Rss

Repertory Cinema and Sentimental Radio

I was quite taken in by The Beat That My Heart Skipped at the Mighty Bytowne Cinema last night. A French film by Jacques Audiard, not someone I had known before, but it’s gritty and kinetic and tough-minded. (Much of the dialogue was slangy enough that my attempts to forego the subtitles found my conservative ears missing whole chunks, forcing my eyes back into double-duty. No great hardship, but a slight poke at pretensions of fluency.) It asks the cinematic question: What happens when a restless thug finds in himself an obsession with and a talent for classical piano?

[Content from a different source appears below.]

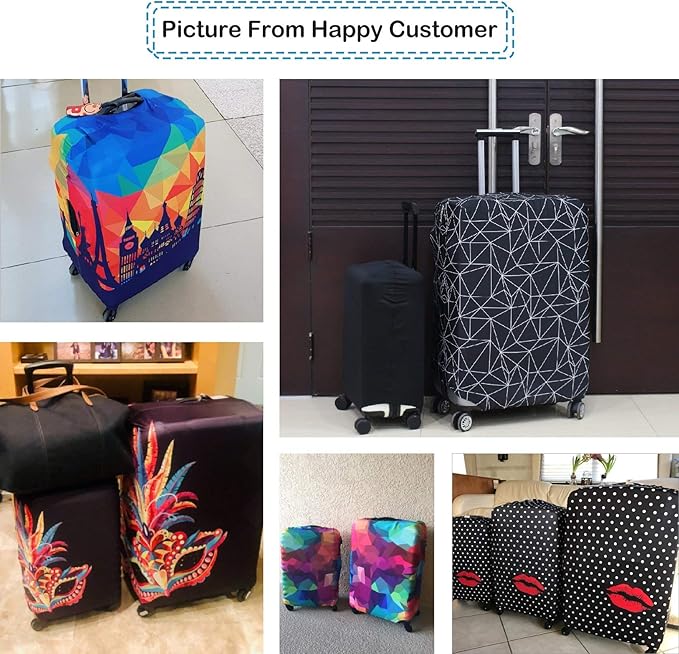 Explore Land Travel Luggage Cover Suitcase Protector Fits 23-26 Inch Case (Polkadot, M)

It’s a remake of something apparently very cheesy called Fingers that Harvey Keitel was in early in his career, and I wonder what an American film made of that ending. Presumably, it was much more sentimental than the French one, with a not-quite-redemption scene charged by a brutal return to the life left. I’ve never seen Romain Duris in anything, but he was a dynamo, as deeply believable in this straddling of two utterly different worlds as the film itself sometimes was not (but not often). We cheer for him, are compelled by him, even as we find him a difficult character to like. I’d go again (if I had a teenager’s time).

@@@@@@@

And, in an odd but soothing cross-cultural conjunction, I also lucked into the last night for Mary Lou Findlay on As It Happens as I drove away from the movies. [Warning: indignant rantings of an unrepentant CBC Radio-lover to follow. “What do you mean, you don’t know who Mary Lou Findlay is? Next, you’ll be telling me you’ve never heard of Michael Enright!”] I don’t often listen to AIH straight through, but I spent a fair amount of time last evening sitting in parking lots instead of completing my errands. It was a nostalgic journey of the kind I’m profoundly prone to: the best and funniest archival interviews done by Findlay, and warmhearted exchanges with her friend and partner, Barbara Budd. Such good and thoughtful people, such good and thoughtful radio. Fun.